## [Task item]
Although the records contain pictures, the copy must not; reproduce everything else in them exactly.

BEGIN Source material

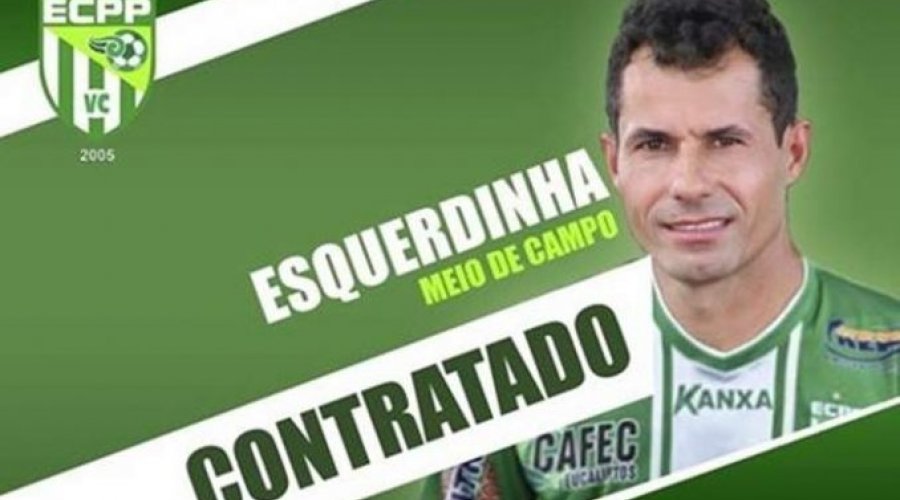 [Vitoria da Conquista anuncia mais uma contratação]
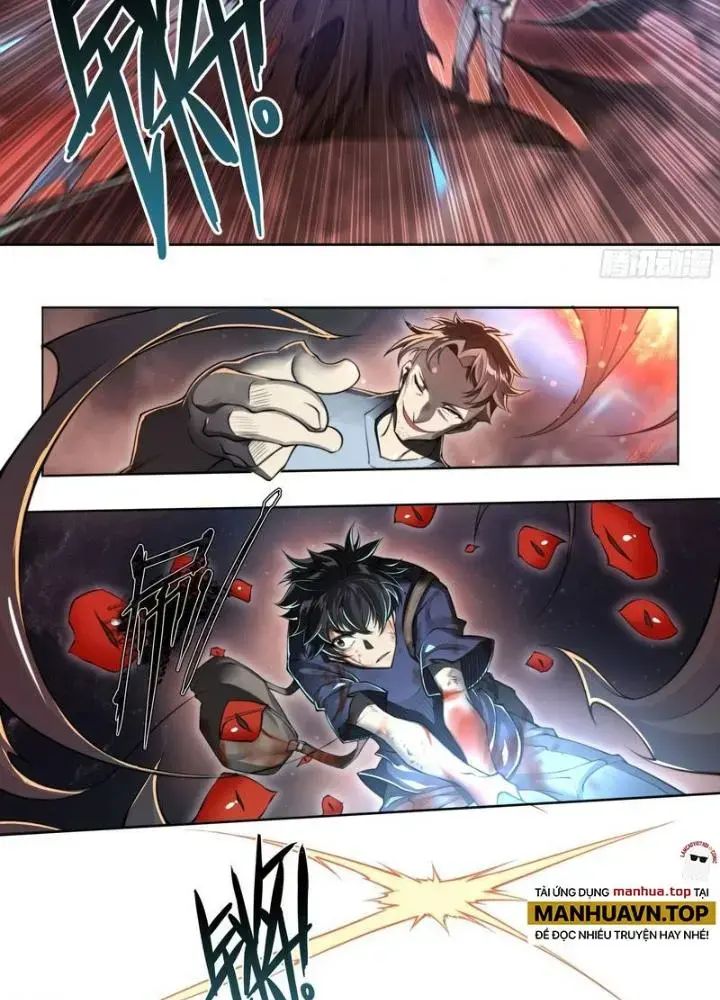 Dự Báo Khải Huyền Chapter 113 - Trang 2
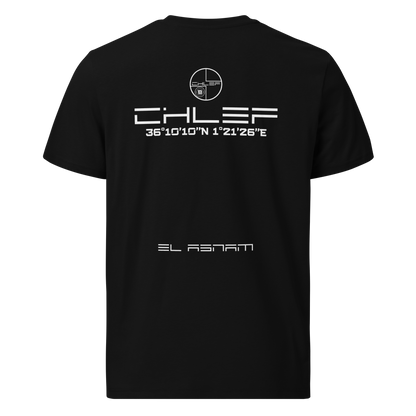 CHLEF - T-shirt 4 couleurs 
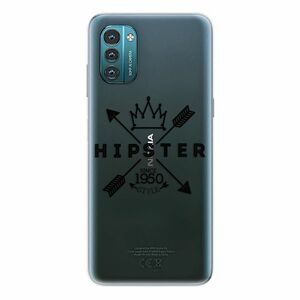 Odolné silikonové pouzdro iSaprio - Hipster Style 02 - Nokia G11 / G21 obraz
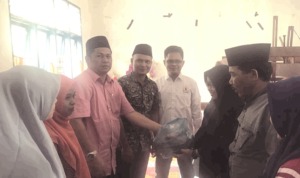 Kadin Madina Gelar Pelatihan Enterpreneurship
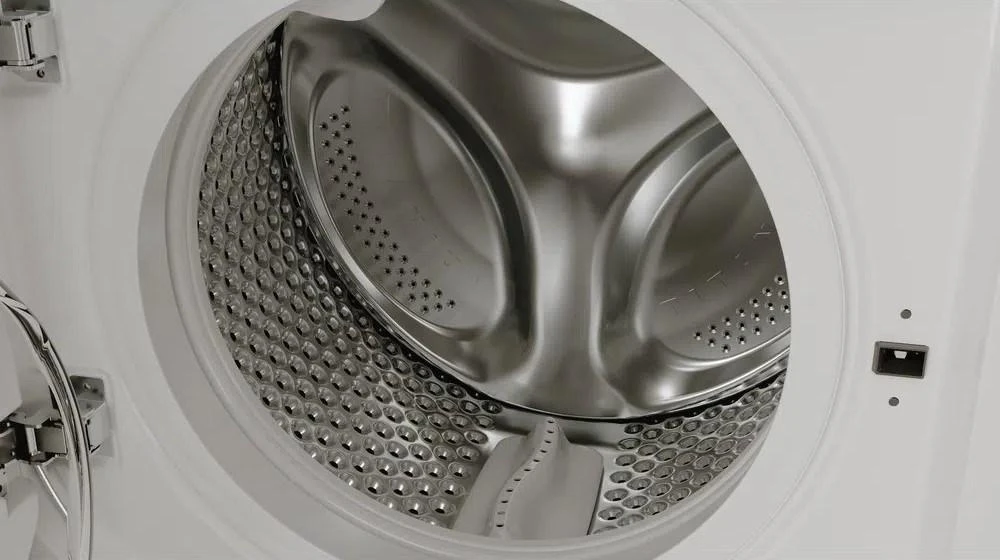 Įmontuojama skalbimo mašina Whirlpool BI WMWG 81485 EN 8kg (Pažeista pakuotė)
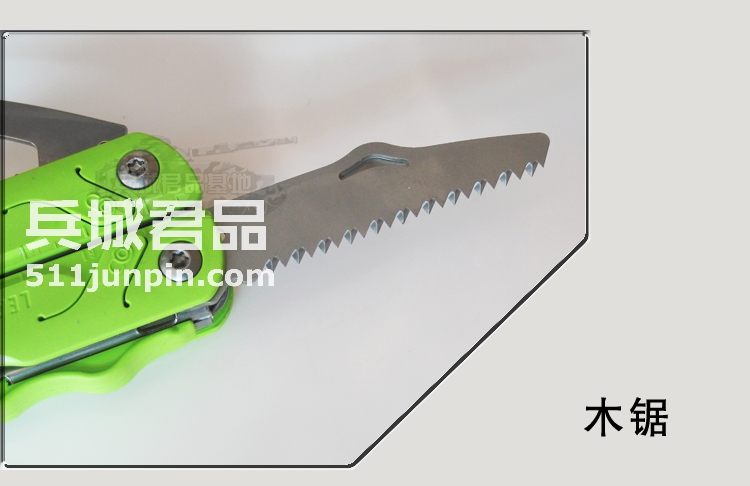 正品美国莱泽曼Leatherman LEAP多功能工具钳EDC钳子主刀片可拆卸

END Source material

## [Result of this exercise]
 [Vitoria da Conquista anuncia mais uma contratação]
 Dự Báo Khải Huyền Chapter 113 - Trang 2
 CHLEF - T-shirt 4 couleurs 
 Odolné silikonové pouzdro iSaprio - Hipster Style 02 - Nokia G11 / G21 obraz
 Kadin Madina Gelar Pelatihan Enterpreneurship
 Įmontuojama skalbimo mašina Whirlpool BI WMWG 81485 EN 8kg (Pažeista pakuotė)
 正品美国莱泽曼Leatherman LEAP多功能工具钳EDC钳子主刀片可拆卸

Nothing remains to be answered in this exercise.